- Exercise directions:
Please set down each of the lines below once more, exactly, omitting all pictures.

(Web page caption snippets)
----

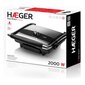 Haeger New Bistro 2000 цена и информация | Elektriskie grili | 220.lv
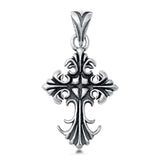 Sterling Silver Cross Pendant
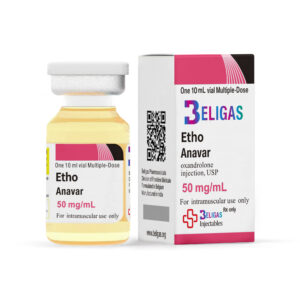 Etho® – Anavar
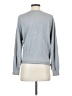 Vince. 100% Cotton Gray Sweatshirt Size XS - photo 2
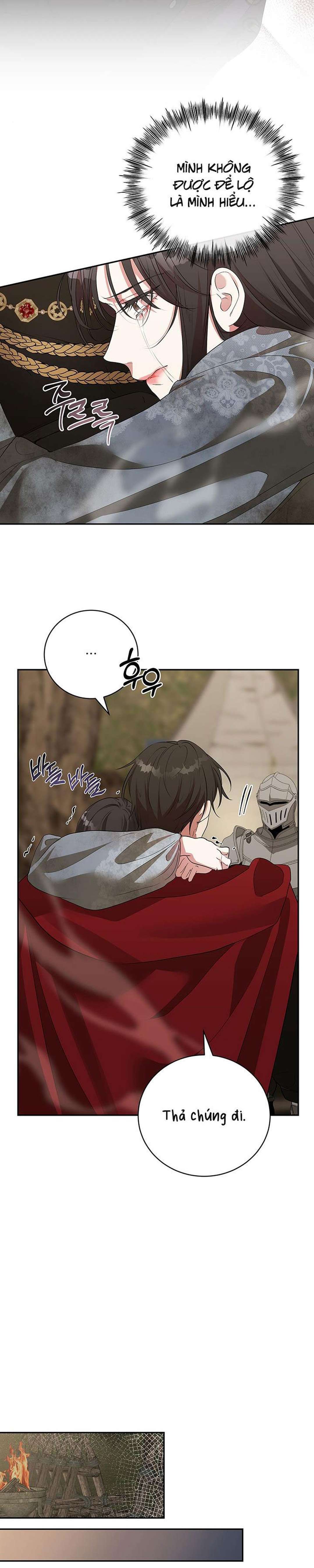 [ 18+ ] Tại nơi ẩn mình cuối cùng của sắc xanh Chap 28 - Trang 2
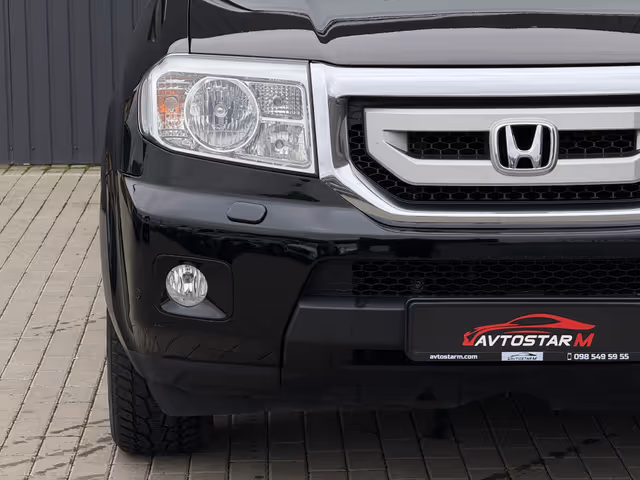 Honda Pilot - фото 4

----

- Exercise response:
 Haeger New Bistro 2000 цена и информация | Elektriskie grili | 220.lv
 Sterling Silver Cross Pendant
 Etho® – Anavar
 Vince. 100% Cotton Gray Sweatshirt Size XS - photo 2
 [ 18+ ] Tại nơi ẩn mình cuối cùng của sắc xanh Chap 28 - Trang 2
 Honda Pilot - фото 4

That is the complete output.